Just understand that any use that even vaguely resembles production will usually get pushback from people who think it is only a dev-level in-memory-only toy that causes constant slowdowns. This will be true even if it is only used for a few hundred rows worth of data.


Wouldn't your customer lose all their data if the app crashes?


H2 has a disk persistence mode.

Though I’d probably use SQLite for this use case


Hey @stevoski can you recommend one of the very basic issues to look at for someone to ramp up on the codebase ? Thanks


Really glad to see this... this has often seemed to me to be a nice sort of capstone project for an undergraduate degree program. (Covers real implementation of everything from networking, datastructures, language parsing, etc.)


I can't tell if this is "finished" or not.

It'd be cool if somebody benchmarked this to show just how "fast" SQLite is comparatively, even if they are by no means equal functionality wise.


I tend to use postgresql in my daily work now but I will always carry a flame for sqlite, my first DB experience. I still use it for rapidly parsing and normalizing huge text files, as well as the backend for numerous one-off webscrapers.

I contend there are few faster ACID-compliant database options for high-speed input, without moving toward a complex multi-machine distributed solution. Combined with a high-speed SSD or an in-memory database, that single write-worker can often put any high-concurrency single-machine database to shame, as long as some thought is put into the code.

There is something deeply satisfying about writing a short python script and then watching a 5gb text file or a huge directory of log files get chewed up and spit out into a tidy little perfectly normalized and portable database. Bliss.

Just between you and me, sometimes I download a hundred thousand files to process just for fun. It's not right.


Do you know how Elastisearch/Splunk are all the rage these days? I feel like those are super heavy. What are your thoughts on https://github.com/brandonros/log-indexer?


As with anything, it depends on what you want to do. One of my SQLite databases has a text column that's 500 million rows (it's an 80GB file). Even with a standard COLLATE NOCASE b-tree index, searching out a word in the middle of a tuple takes a ridiculously long time (although finding that word at the beginning of the tuple is amazingly quick).

A solution like Elasticsearch, while indeed heavier, is designed to deal with that kind of issue so, in my humble opinion, makes sense when you actually need a broad search capability.

As for the solution in https://github.com/brandonros/log-indexer, it seems like a tidy little solution to the problem of having to parse log files later. Not only does it provide a rapid way of looking up information when you're trying to solve a problem, but SQLite also acts as a compression archive of sorts as well.

I didn't look all that closely at the internals of the index.js script in that repo, but if it's still storing any of the records as JSON you can still access the internal data held inside the log record with SQLite's own JSON1 extension (https://www.sqlite.org/json1.html). That would save a pile of time compared to a broad-based directory search for text file contents. A few lines for a SQL query and instantly you'd have every occurrence of that error since the program started logging. I'd think that's a very useful tool!

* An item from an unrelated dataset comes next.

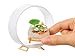 MGA's Miniverse - Make It Mini Nature Series 2 Mini Collectibles, Mystery Blind Packaging, DIY, Crafts, Resin Play, Replica Plants, Replica Animals, Mini Flowers, Botanicals, NOT Edible, Collectors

> Even with a standard COLLATE NOCASE b-tree index, searching out a word in the middle of a tuple takes a ridiculously long time (although finding that word at the beginning of the tuple is amazingly quick).

> A solution like Elastisearch, while indeed heavier, is designed to deal with that kind of issue so, in my humble opinion, makes sense when you actually need a broad search capability.

Hmm... at a high level, how do Elasisearch a) consist huge amounts of data to disk and b) making searching 80gb and way way up of logs fast?


ElasticSearch indexing is really quite slow (everything running over HTTP probably does not necessarily help, though you are using a somewhat botchy batch API anyway) -- think 5k items per second for something like e.g. HN posts --, it really is tuned for retrieval performance. Even on really quite mediocre hardware you can do full-text queries across ten(s) of GB and they'll rarely take longer than, say, 50 ms.


Elasticsearch uses Lucene at the core of it's search capability. https://lucene.apache.org/core/

Basically it examines each record you want to index and generates a set of features and metadata to aid in rapidly finding what you're looking for. Some of the features listed on that site are:

  ranked searching -- best results returned first
  many powerful query types: phrase queries, wildcard queries, proximity queries, range queries and more
  fielded searching (e.g. title, author, contents)
  sorting by any field
  multiple-index searching with merged results
  allows simultaneous update and searching
  flexible faceting, highlighting, joins and result grouping
  fast, memory-efficient and typo-tolerant suggesters
  pluggable ranking models, including the Vector Space Model and Okapi BM25
  configurable storage engine (codecs)
Basically, a standard non-index database search (i.e. using LIKE) is fairly stupid and generally defaults to a full-text scan of each row in the table. A b-tree index (https://en.wikipedia.org/wiki/B-tree), for columns with only one word, dramatically reduces the scope of that search field and makes such searches almost instantaneous. However, it doesn't help with multi-word text fields and the database engine has to go back to the very slow full-table scan and check each record individually.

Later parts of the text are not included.